G: If the deallocate prepare syntax is not explicitly called to release the resource when terminating the client connection session, the server will manually release the resource.
H: In predefined statements, create table, DELETE, DO, INSERT, REPLACE, SELECT, SET, UPDATE, and most SHOW syntaxes are supported.
G: The PREPARE statement cannot be used in stored procedures. It is a custom function! However, MySQL 5.0.13 and later versions can be used in Stored Procedures and cannot be used in functions! Example: create procedure 'p1' (IN id int unsigned, IN name VARCHAR (11) BEGIN lable_exit: begin set @ SqlCmd = 'select * FROM Ta '; IF id is not null then set @ SqlCmd = CONCAT (@ SqlCmd, 'where id =? '); PREPARE stmt FROM @ SqlCmd; SET @ a = id; EXECUTE stmt USING @ a; LEAVE lable_exit; end if; IF name is not null then set @ SqlCmd = CONCAT (@ SqlCmd, 'where name LIKE? '); PREPARE stmt FROM @ SqlCmd; SET @ a = CONCAT (name,' % '); EXECUTE stmt USING @ a; LEAVE lable_exit; end if; END lable_exit; END; CALL 'p1' (1, NULL); CALL 'p1' (NULL, 'qq'); drop procedure 'p1 ';

Related Article

Contact Us

The content source of this page is from Internet, which doesn't represent Alibaba Cloud's opinion; products and services mentioned on that page don't have any relationship with Alibaba Cloud. If the content of the page makes you feel confusing, please write us an email, we will handle the problem within 5 days after receiving your email.

If you find any instances of plagiarism from the community, please send an email to: info-contact@alibabacloud.com and provide relevant evidence. A staff member will contact you within 5 working days.

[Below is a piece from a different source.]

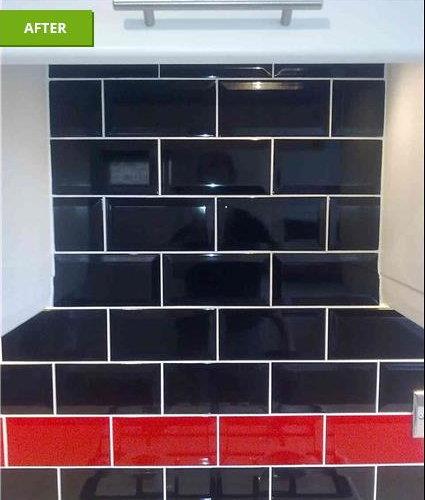 Glenn Reed Tiling Services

A Free Trial That Lets You Build Big!

Start building with 50+ products and up to 12 months usage for Elastic Compute Service

  • Sales Support

    1 on 1 presale consultation

  • After-Sales Support

    24/7 Technical Support 6 Free Tickets per Quarter Faster Response

  • Alibaba Cloud offers highly flexible support services tailored to meet your exact needs.